History of the Highland Games Athletic Events

Scottish men have tested their strength against each other at Highland gatherings for centuries. King Malcolm Ceanmore, who began his reign in 1057, is credited with initiating crude forms of today’s Scottish Highland Games’ athletic competitions as a means of improving the abilities of his military. While the games had become festive occasions by the sixteenth century, they were still seen as a way for kings and chiefs to choose the best men for their retinues.

The equipment currently used for the Highland Games has evolved from items locally available to the early Scotsman. A blacksmith’s hammer or a mell for driving fence posts, has become the 22 pound hammer. Woodsmen produced the caber (gaelic for “tree”) for their own event. Thrown for height and distance were 56 pound and 28 pound – weights (4-stone & 2-stone weights). Tossing a sheaf with a pitchfork likely emerged from the agricultural regions. A rounded riverbed stone made the ideal “clachneart” and still does today.
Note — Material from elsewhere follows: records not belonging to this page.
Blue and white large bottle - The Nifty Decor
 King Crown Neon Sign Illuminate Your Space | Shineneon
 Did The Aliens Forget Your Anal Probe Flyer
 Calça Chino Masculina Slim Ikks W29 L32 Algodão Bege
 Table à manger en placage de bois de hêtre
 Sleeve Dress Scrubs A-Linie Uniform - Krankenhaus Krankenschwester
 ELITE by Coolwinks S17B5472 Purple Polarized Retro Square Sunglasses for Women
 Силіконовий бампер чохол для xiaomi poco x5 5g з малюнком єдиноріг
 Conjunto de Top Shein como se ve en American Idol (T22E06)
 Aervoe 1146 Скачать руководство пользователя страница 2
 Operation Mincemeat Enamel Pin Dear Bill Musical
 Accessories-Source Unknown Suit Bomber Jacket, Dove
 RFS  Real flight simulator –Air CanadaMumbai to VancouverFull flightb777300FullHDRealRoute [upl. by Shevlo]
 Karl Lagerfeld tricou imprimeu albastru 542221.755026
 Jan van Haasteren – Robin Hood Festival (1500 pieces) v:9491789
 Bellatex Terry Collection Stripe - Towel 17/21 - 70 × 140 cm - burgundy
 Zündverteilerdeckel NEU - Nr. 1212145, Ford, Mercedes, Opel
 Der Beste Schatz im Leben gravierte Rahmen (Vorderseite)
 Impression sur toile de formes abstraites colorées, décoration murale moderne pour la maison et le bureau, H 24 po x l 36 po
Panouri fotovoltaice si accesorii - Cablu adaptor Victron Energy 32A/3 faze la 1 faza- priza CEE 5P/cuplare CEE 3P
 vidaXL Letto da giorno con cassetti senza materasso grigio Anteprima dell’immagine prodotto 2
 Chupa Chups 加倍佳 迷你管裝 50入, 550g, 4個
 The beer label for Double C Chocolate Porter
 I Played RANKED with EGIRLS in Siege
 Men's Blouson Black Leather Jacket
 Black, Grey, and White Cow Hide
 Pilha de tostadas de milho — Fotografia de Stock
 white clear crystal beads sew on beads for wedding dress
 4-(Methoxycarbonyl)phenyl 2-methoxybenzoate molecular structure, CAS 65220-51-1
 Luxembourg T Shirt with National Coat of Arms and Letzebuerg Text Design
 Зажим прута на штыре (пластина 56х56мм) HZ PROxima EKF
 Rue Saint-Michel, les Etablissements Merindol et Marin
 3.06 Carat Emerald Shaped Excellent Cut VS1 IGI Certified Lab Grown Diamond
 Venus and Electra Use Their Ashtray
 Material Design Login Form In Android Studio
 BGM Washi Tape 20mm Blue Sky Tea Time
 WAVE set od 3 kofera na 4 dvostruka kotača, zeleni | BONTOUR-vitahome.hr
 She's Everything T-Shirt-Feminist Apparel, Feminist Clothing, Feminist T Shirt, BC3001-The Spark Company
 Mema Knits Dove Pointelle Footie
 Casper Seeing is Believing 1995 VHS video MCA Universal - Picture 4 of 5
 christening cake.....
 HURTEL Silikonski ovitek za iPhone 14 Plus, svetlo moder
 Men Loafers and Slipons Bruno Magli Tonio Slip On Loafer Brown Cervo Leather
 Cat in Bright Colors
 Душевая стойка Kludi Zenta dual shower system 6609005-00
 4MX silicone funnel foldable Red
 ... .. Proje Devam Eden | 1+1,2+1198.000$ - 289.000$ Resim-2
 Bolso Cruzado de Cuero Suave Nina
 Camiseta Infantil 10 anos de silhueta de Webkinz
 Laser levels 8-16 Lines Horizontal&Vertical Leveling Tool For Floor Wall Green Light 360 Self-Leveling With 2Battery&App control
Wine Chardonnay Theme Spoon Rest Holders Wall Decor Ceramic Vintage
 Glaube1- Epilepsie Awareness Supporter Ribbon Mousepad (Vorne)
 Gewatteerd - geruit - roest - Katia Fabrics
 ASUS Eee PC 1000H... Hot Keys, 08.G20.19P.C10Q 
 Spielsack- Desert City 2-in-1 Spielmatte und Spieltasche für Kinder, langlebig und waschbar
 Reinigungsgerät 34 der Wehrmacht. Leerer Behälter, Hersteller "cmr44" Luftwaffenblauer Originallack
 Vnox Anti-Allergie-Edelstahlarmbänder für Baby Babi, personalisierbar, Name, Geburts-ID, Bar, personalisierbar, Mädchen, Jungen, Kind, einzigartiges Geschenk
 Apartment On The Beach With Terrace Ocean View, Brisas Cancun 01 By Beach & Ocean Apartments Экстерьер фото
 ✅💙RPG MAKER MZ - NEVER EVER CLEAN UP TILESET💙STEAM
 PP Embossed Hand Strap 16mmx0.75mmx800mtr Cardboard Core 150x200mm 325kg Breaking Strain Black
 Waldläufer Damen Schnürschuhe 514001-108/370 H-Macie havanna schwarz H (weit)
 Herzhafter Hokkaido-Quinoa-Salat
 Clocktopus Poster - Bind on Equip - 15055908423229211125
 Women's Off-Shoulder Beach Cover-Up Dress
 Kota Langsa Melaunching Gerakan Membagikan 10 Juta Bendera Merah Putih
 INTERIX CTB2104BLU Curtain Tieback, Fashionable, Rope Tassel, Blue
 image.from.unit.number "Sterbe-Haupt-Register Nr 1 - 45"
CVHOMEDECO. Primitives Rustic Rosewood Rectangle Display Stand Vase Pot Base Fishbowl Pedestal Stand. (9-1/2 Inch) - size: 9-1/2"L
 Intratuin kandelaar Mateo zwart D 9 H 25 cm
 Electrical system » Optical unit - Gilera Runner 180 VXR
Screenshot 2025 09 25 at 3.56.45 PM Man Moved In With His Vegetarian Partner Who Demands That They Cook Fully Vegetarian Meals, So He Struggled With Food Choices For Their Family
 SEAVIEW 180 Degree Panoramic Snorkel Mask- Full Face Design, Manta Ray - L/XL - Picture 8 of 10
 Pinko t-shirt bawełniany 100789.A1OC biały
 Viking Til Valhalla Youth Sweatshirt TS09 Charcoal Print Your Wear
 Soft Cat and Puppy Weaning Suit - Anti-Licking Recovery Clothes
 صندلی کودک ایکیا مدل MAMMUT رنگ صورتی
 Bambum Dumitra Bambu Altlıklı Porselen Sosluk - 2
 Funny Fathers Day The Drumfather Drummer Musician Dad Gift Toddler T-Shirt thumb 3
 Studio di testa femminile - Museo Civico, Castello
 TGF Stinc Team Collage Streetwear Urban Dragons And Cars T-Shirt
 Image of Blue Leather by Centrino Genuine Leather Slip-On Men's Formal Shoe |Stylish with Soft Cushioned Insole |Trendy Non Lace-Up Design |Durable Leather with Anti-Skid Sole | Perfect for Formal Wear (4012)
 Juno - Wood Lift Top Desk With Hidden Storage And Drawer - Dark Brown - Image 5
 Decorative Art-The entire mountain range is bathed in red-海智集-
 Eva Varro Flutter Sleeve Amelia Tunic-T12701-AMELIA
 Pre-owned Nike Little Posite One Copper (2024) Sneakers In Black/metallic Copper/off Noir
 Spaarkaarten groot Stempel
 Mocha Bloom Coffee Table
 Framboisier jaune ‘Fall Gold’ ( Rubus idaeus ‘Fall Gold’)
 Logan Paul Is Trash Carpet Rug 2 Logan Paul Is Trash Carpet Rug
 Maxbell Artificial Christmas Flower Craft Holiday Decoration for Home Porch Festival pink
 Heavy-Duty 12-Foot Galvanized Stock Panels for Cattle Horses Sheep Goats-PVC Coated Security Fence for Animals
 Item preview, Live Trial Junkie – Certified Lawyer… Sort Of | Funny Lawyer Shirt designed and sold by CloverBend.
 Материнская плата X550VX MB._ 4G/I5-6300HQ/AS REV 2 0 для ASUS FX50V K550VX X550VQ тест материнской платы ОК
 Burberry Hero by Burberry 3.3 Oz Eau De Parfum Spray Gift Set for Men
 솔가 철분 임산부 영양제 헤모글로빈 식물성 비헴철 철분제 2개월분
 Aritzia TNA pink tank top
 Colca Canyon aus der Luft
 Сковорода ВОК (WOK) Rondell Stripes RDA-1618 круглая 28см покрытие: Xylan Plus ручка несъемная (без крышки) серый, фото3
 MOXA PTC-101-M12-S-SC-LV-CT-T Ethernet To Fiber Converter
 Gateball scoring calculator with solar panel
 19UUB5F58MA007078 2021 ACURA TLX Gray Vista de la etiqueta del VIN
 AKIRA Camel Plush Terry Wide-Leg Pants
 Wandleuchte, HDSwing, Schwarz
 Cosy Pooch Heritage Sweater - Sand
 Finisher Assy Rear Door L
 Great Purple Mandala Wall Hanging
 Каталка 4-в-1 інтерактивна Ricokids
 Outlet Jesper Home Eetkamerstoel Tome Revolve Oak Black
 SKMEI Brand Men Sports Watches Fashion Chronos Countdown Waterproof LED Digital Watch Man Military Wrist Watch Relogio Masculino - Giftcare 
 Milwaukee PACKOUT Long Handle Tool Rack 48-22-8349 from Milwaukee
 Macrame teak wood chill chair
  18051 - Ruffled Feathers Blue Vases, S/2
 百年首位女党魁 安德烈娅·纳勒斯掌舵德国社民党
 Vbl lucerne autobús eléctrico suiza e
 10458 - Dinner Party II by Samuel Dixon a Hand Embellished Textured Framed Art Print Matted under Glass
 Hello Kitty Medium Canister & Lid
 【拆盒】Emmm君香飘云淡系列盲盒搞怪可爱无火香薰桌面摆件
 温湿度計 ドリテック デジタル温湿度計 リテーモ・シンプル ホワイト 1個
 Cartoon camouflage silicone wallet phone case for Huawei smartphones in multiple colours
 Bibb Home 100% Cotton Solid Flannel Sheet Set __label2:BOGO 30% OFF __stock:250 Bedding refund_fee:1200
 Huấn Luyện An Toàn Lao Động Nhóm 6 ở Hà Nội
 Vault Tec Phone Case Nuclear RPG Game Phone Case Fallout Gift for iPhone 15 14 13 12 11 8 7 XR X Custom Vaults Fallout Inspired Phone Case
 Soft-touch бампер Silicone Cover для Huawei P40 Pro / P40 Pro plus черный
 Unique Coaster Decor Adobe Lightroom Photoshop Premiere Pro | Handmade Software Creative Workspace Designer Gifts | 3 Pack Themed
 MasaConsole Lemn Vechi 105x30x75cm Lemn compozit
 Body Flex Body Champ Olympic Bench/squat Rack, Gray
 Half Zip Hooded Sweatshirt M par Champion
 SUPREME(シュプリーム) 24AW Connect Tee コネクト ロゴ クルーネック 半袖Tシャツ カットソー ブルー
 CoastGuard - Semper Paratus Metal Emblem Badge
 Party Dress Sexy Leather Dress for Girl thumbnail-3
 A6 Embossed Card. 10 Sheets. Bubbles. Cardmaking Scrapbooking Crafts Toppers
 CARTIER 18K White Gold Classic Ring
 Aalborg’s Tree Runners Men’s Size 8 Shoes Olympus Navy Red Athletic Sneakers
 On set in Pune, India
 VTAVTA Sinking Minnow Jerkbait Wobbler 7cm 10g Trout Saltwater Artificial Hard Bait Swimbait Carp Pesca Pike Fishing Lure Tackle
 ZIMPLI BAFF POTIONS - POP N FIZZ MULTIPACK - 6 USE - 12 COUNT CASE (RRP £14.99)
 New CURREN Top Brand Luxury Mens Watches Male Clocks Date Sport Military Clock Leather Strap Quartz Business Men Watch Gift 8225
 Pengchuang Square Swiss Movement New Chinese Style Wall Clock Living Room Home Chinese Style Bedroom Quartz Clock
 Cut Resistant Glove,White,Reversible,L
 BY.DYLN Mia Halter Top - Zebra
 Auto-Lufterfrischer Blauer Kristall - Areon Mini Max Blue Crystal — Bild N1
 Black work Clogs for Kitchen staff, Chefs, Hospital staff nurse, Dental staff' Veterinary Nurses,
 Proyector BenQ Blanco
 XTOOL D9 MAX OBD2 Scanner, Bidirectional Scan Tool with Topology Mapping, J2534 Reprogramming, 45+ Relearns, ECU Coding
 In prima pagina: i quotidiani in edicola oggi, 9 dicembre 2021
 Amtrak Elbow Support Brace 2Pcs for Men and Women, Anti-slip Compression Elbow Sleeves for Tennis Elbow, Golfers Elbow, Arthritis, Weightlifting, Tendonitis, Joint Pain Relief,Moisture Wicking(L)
Today’s Scottish Highland Games athlete combines strength, skill and endurance to compete in these time-honored events. The athletes typically compete in all 7 Heavy events in one day. In the spirit of the affable Scot, these competitors combine the attributes of the athlete with the fellowship of clansmen to promote and perpetuate the heart of the Scottish festival, The Highland Games.

The Caber Toss

A centerpiece of the modern Highland Games, the caber toss requires strength, balance and timing. The caber is a tapered log approximately 16 to 20 feet long and weighing 60 to 140 pounds for men. (These weights and measures vary at different games depending on the field of athletes and the terrain.) The athlete hoists the caber and folds his or her hands under the end while cradling it against the shoulder. Gaining the balance of the upright caber, s/he will run briefly with it to gain momentum for the toss. Followed by field judges, the competitor heaves the caber up and over to ground its heavy end and let it fall forward. The field judge will ascribe a “score” to the toss. If the caber is “turned” it will be scored with its landing position relative to the face of a giant clock. 12:00 being a perfect score. If the caber doesn’t tum over, it is scored by the degree it rose from the ground.

The Clachneart or “Stone”

This ancient event is similar to the modern-day shotput, using a stone approximately 16 to 28 pounds instead of a steel ball. The stone must be put from the front of the shoulder using one hand only. Each competitor is allowed a seven-and-a-half foot run-up to the toe-board, or trig, for the Open Stone. The Braemar style of stone puts allows no approach. The contestants are judged on the longest of the three tosses. If the athlete touches the top of the trig or the ground in front of it during an attempt, the toss is not counted.

The 28 and 56 Pound Throw

Using metal weights with a chain or handle attached, the athletes are throwing for distance. The weight is thrown one-handed from behind the trig (toe-board) with a nine-foot run-up allowed. Any style may be used but the most popular and efficient is to spin like a discus thrower. The contestants are judged on the longest of three tosses. If the athlete touches the top of the trig or the ground in front of it during an attempt, the throw is not counted.

The 56 Pound Weight Toss

The objective of this strength event is to toss the 56 pound weight with attached handle over a horizontal bar. The starting height of competition is the lowest agreed upon by the competitors. Using only one hand, each athlete is allowed three attempts to clear the bar. If the weight touches the bar on its way over but doesn’t dislodge the bar, it remains a successful toss. All measurements are made from the ground to the top of the bar midway between the uprights. As the bar is raised, the field of athletes is reduced. This event continues until all competitors but one are eliminated.

The Hammer

The Scottish hammer, a round metal hammer-head weighing 16 to 22 pounds with a cane or PVC shaft, is thrown for distance. The athletes throw the hammer with their back to the trig (toe-board) and the throwing area. The competitor’s feet may not move until after the hammer is released. Each athlete gets three throws with the hammer and is judged by the best distance. Touching the top of the trig or the ground in front of it is a foul.

The Sheaf Toss

Using a pitchfork, the athletes hurl a 20# burlap bag stuffed with straw over a horizontal bar raised between two standards. Each competitor is given three chances to clear the bar. After all attempts, the bar is raised in one to two foot increments. The continually rising bar reduces the field as competition continues until all but one athlete are eliminated.

Competition Classes

Classes can include Men’s Professional, Men’s amateur classes “A” (top amateur), “B”, and “C” (novice), Men’s Masters (over 40), Men’s lightweight (under 190#) plus a Women’s class. Women typically use weights about half the weight of the Men’s weights.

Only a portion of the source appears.